— Your assignment —
Retype only what runs from the first line of the listing to the line holding "This pouch has", both included. Do not retype the pictures.

— Records to process —
◆ ◆ ◆

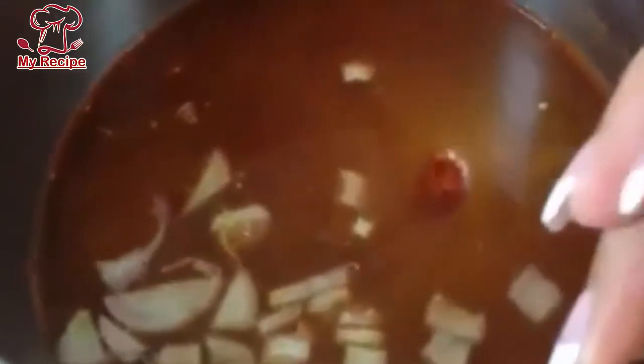I will use this bagar at the beginning. Before I add it, I will add 2 fresh cookers. I will add chili powder, salt, and turmeric powder. Now I will add onion. I will add 5 cups of water to the pressure cooker.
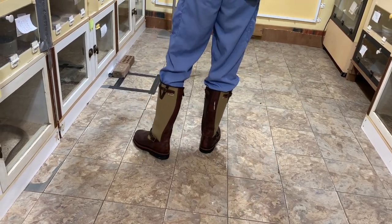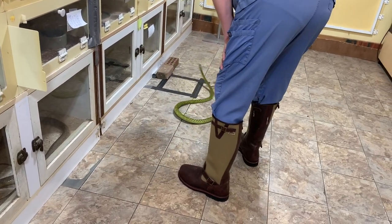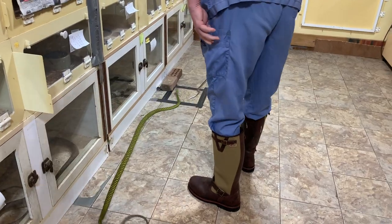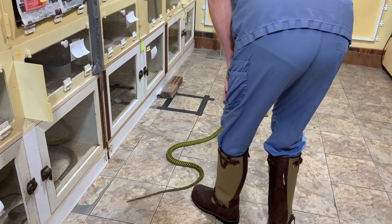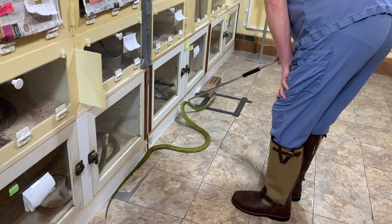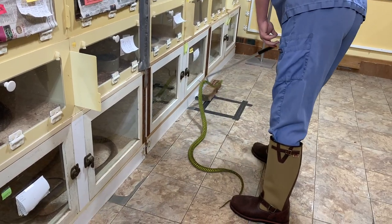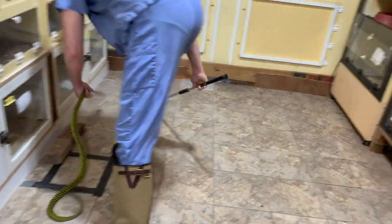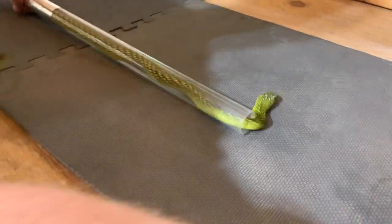I think some people might edit this part out where it seems like it's taking forever and the snake isn't cooperating, but this is the reality — snakes do not always do what you want. The snake doesn't understand what we want; we can't just ask it nicely to give some venom. This is the safest way for the snake. You have to have empathy for the animal and understand they're just reacting to what they think is best. As long as you're patient and gentle and wait it out, eventually you'll get to what you want.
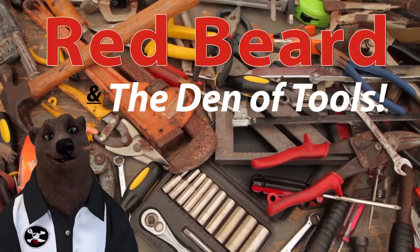Welcome to Red Beard and the Den of Tools. Howdy ho guys and gals, it's Red, your friendly neighborhood tool bear, back again here in the Den of Tools.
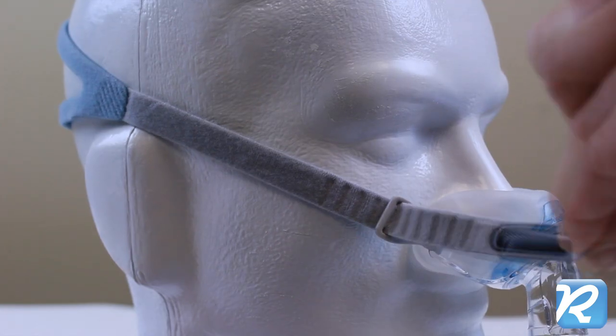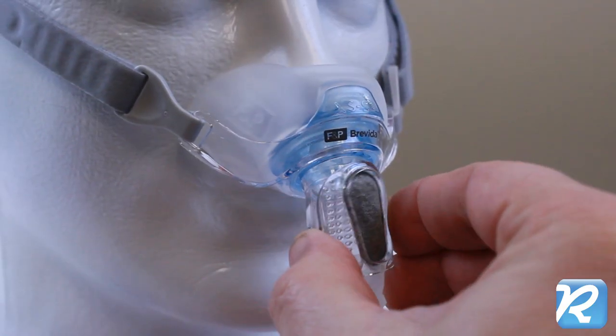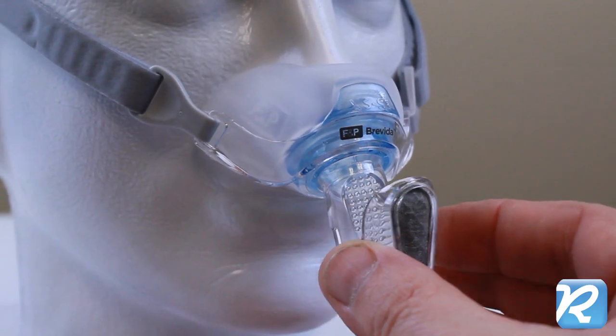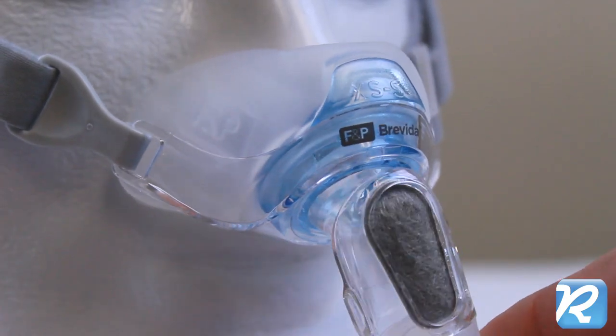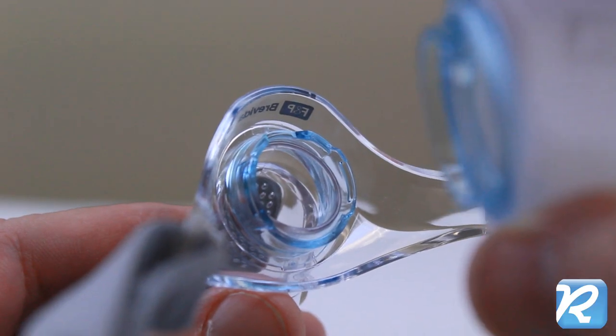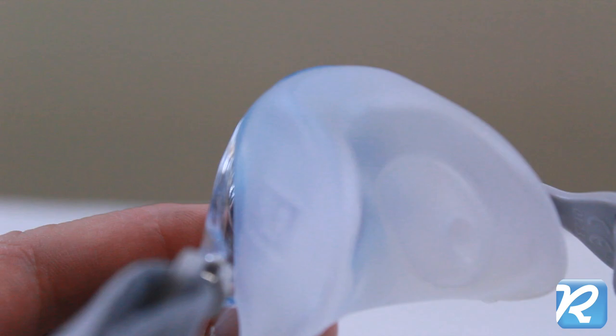Notches lock the headgear firmly into place. A washable cloth diffuser covers microports to keep exhaled airflow extra quiet. A ball and socket swivel minimizes drag from the CPAP tubing. VisiBlue highlights guide assembly so you can always be sure the mask is put together correctly.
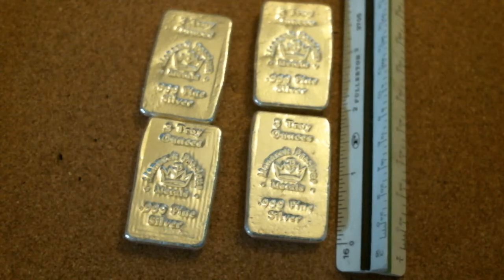Hey everybody, so today I'm going to be doing a review on silver bars. The silver bars that are here, I bought these ones from JM Bullion. The opening price of silver was $18.34 an ounce and gold was a little over $1,255 today.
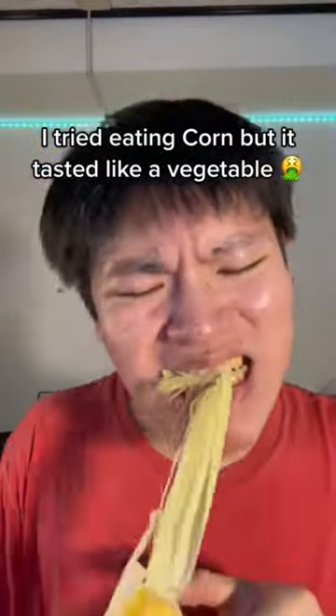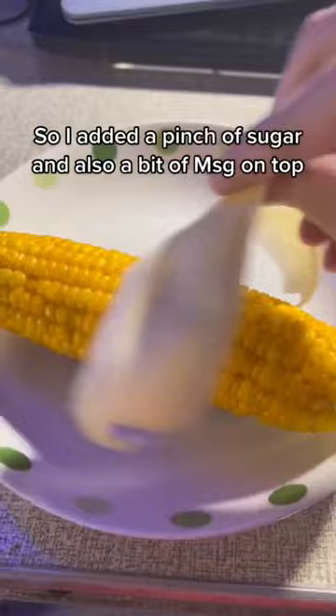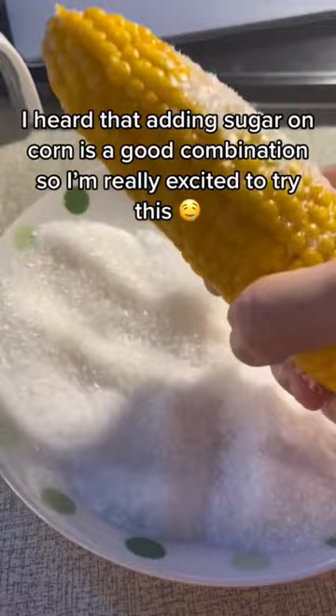I tried eating corn, but it tasted like a vegetable, so I added a pinch of sugar and also a bit of an XG on top. I heard that adding sugar on corn is a good combination, so I'm really excited to try this. It was so good that my other corn ate too.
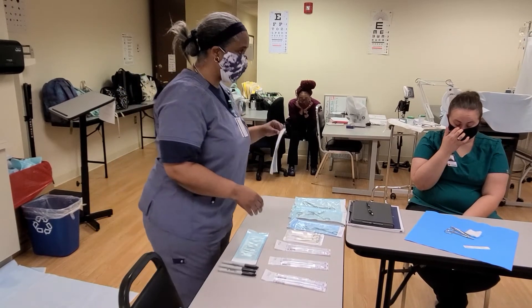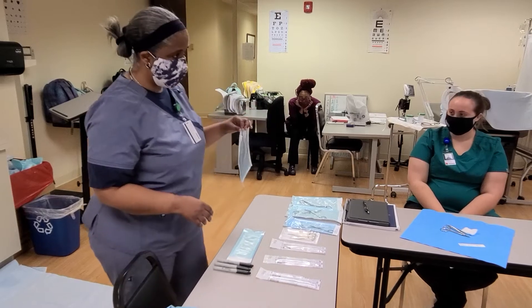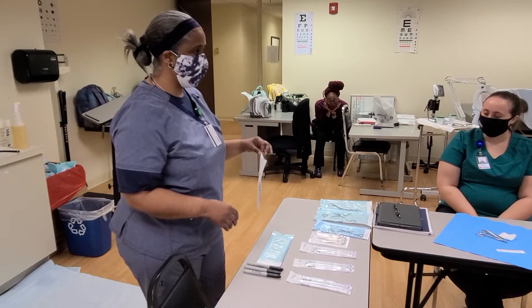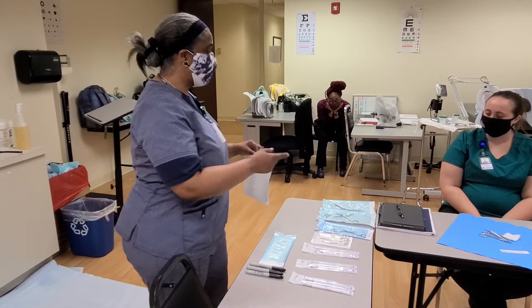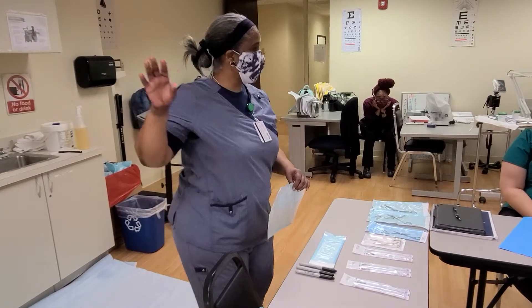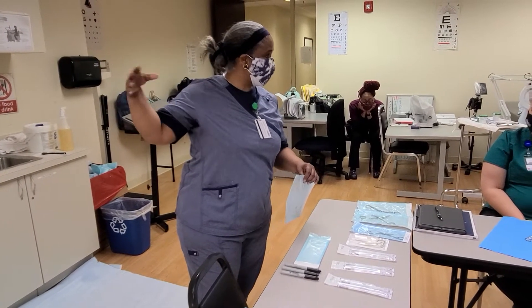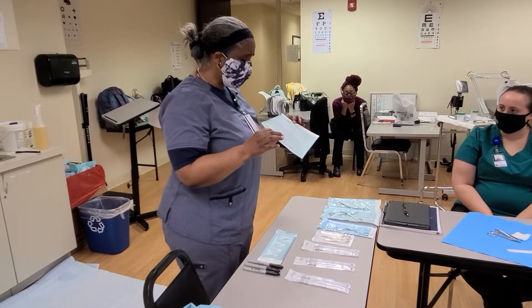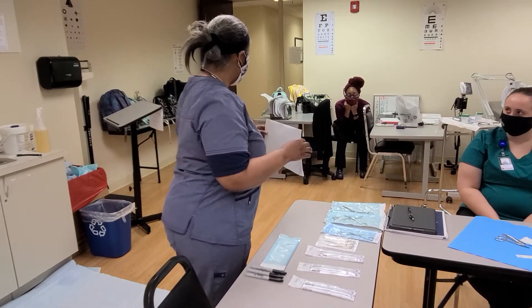This pouch has a shelf life of six months. It is important as a medical assistant that you know this, because it's your job when you come in — not only to do the eyewash — but you need to check your stock, rotating to make sure nothing's expired, and you also need to make sure that this doesn't have to be re-autoclaved.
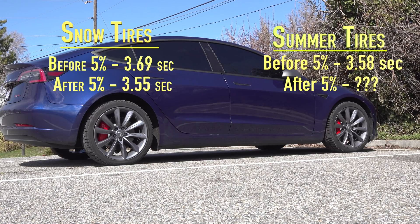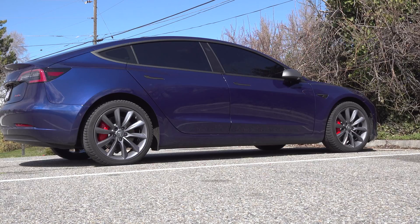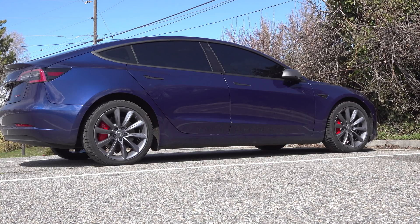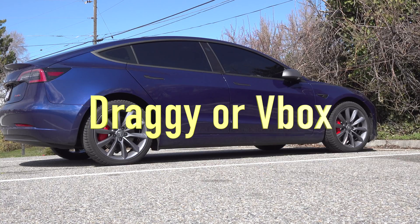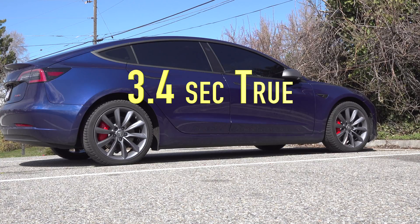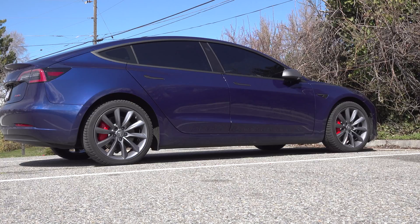We'll see if we can get realistically down to that 3.2 number Tesla quotes. The 3.2 has to include rollout — the car can't do a true 0-60 in 3.2 seconds. All the car manufacturers and most publications use a 0-60 with rollout, and I think that's kind of silly. With tools like a Dragy or V-Box, we can measure a real 0-60. I think the Model 3 is capable of probably about 3.4 seconds true 0-60, and if you count the rollout, it'll probably get down to 3.2.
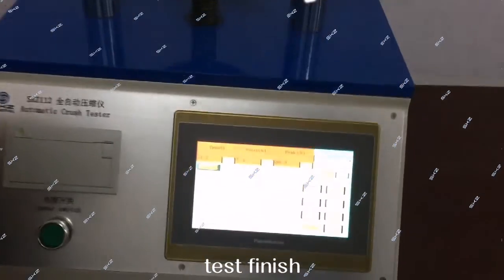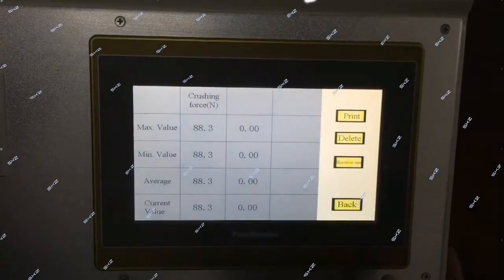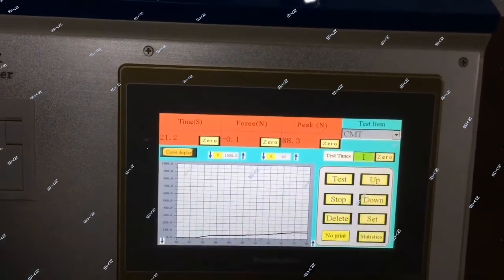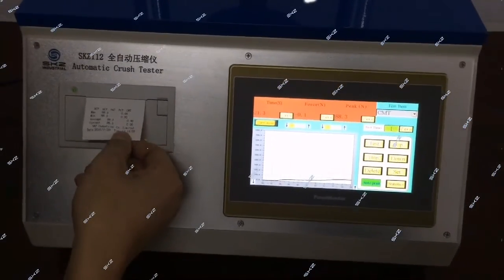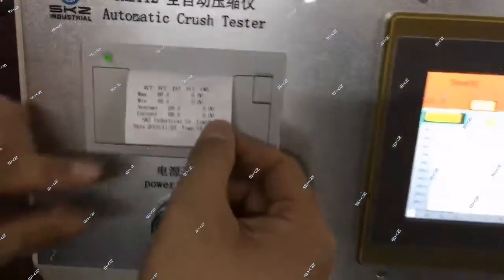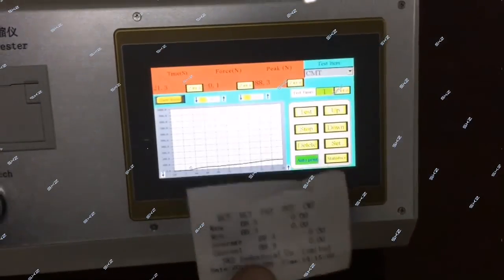Test finish. This is the test result. CMT — this is the test result. Finish.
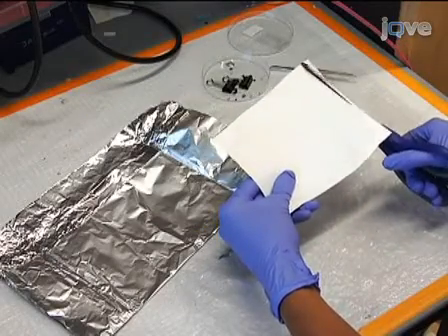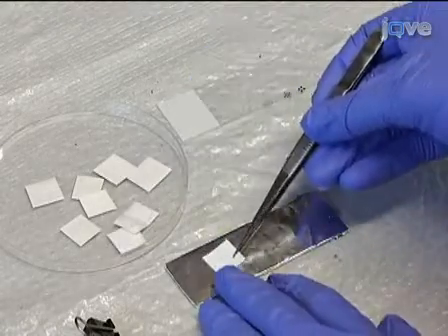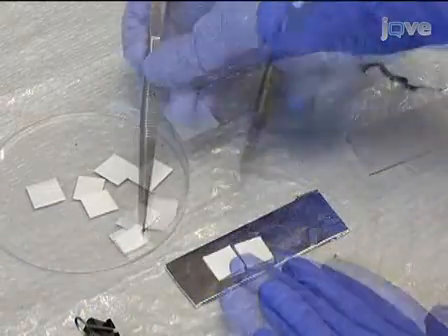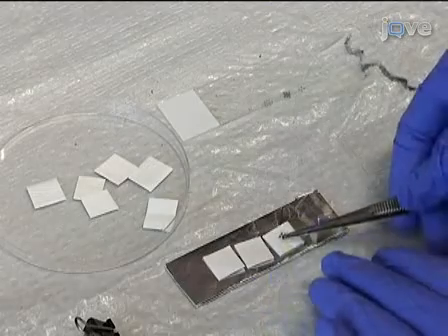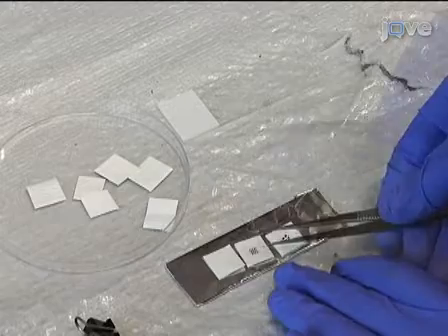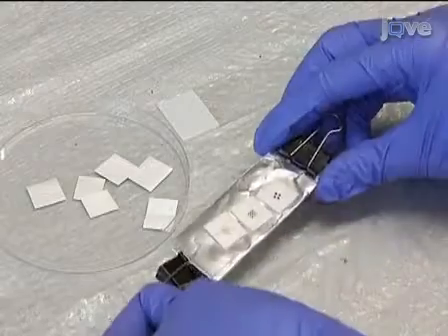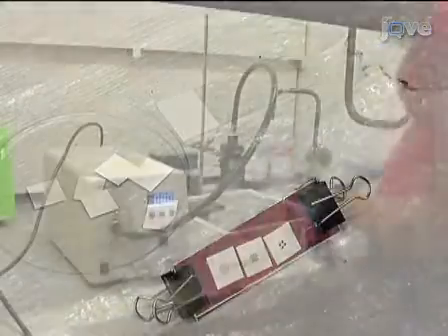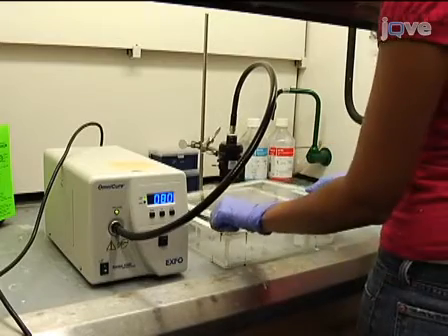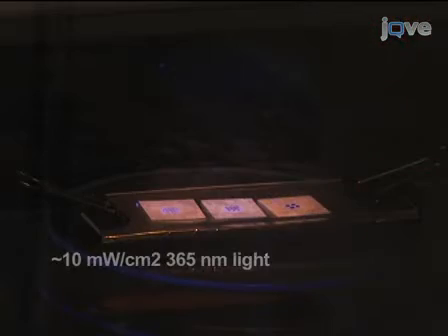Cut out 5 mm by 5 mm samples from the scaffold mat with scissors. Place each scaffold on a foil-covered glass slide to prepare for cross-linking, and place the photo mask directly on the scaffold. Cover with a clean glass slide and clip both ends with binder clips. Using a nitrogen chamber, purge the scaffold to inhibit reduction of cross-linking due to oxygen exposure. Place the scaffold setup in the nitrogen chamber under about 10 mW per cm squared, 365 nm light with a collimating adapter, for 5 minutes.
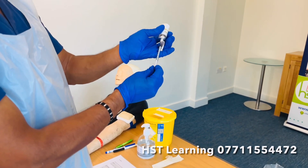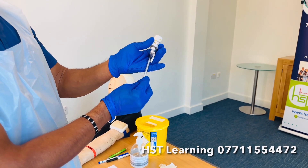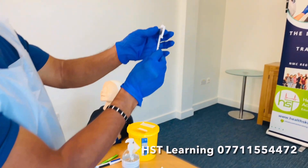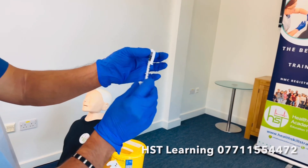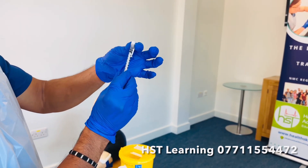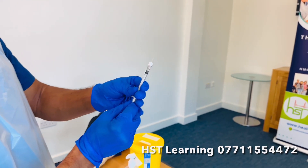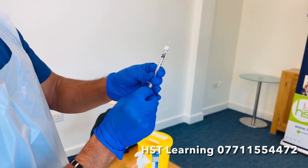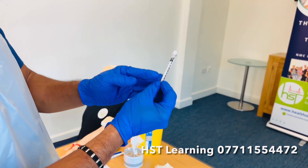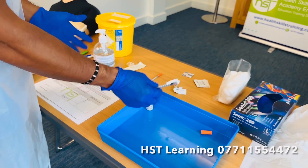Whatever units have been prescribed — whether 14 units or 8 units — let's say 14 units have been prescribed. Turn the bevel to read it properly, remove the air bubble, and bring it to 14 units. Hold it over the tray so any excess falls off. I've now got 14 units. Resheathing or scooping is not allowed once the medication is prepared.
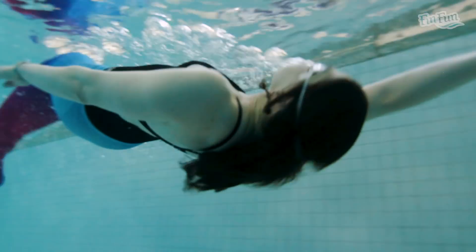Welcome to Mermaid Transformation. Here at FinFun, we have created an 8-week Mermaid Transformation course.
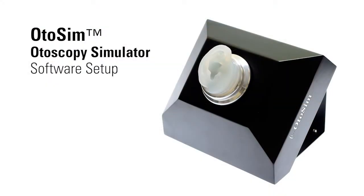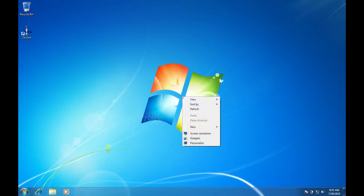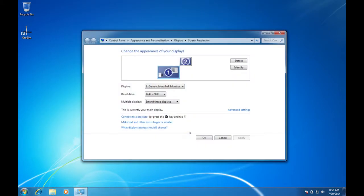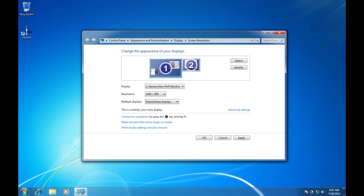You are now ready for the initial computer setup. You will only need to complete the computer setup once. Once the unit is connected to the computer, access the display preferences of the computer. The location of the display preferences will slightly vary depending on the type and operating system of the computer you are using. Please refer to the product manual for specific details. We are using a Windows 7 PC in this video. From the display preferences, please make sure that the small blue window, which represents the OdoSIM display unit, is placed at the top right corner of the large window, which represents your computer, with the top boundaries of both windows horizontally aligned.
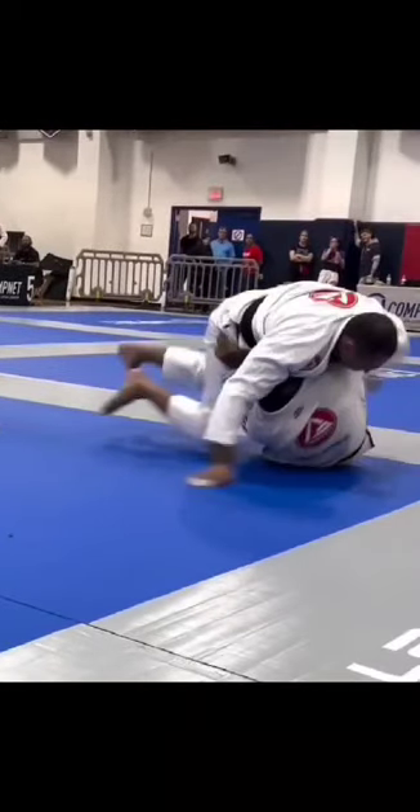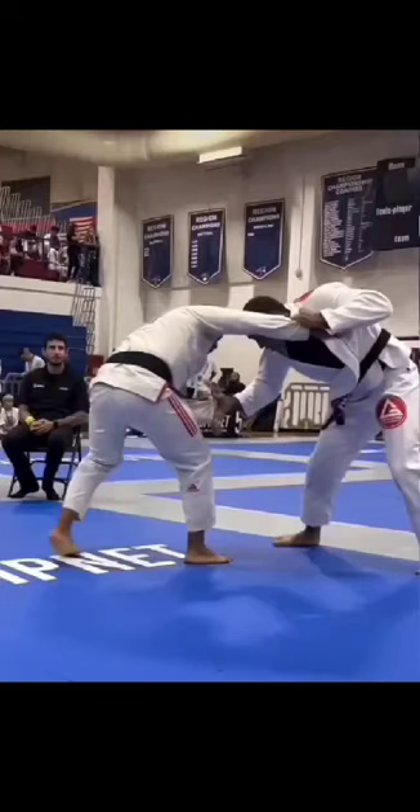Look at this — lifts, swings, right into mount. His opponent regards a little bit, but just beautiful work.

◆ ◆ ◆

— Solution —
I will use this bagar at the beginning. Before I add it, I will add 2 fresh cookers. I will add chili powder, salt, and turmeric powder. Now I will add onion. I will add 5 cups of water to the pressure cooker.
I think some people might edit this part out where it seems like it's taking forever and the snake isn't cooperating, but this is the reality — snakes do not always do what you want. The snake doesn't understand what we want; we can't just ask it nicely to give some venom. This is the safest way for the snake. You have to have empathy for the animal and understand they're just reacting to what they think is best. As long as you're patient and gentle and wait it out, eventually you'll get to what you want.
Welcome to Red Beard and the Den of Tools. Howdy ho guys and gals, it's Red, your friendly neighborhood tool bear, back again here in the Den of Tools.
Notches lock the headgear firmly into place. A washable cloth diffuser covers microports to keep exhaled airflow extra quiet. A ball and socket swivel minimizes drag from the CPAP tubing. VisiBlue highlights guide assembly so you can always be sure the mask is put together correctly.
Hey everybody, so today I'm going to be doing a review on silver bars. The silver bars that are here, I bought these ones from JM Bullion. The opening price of silver was $18.34 an ounce and gold was a little over $1,255 today.
I tried eating corn, but it tasted like a vegetable, so I added a pinch of sugar and also a bit of an XG on top. I heard that adding sugar on corn is a good combination, so I'm really excited to try this. It was so good that my other corn ate too.
This pouch has a shelf life of six months. It is important as a medical assistant that you know this, because it's your job when you come in — not only to do the eyewash — but you need to check your stock, rotating to make sure nothing's expired, and you also need to make sure that this doesn't have to be re-autoclaved.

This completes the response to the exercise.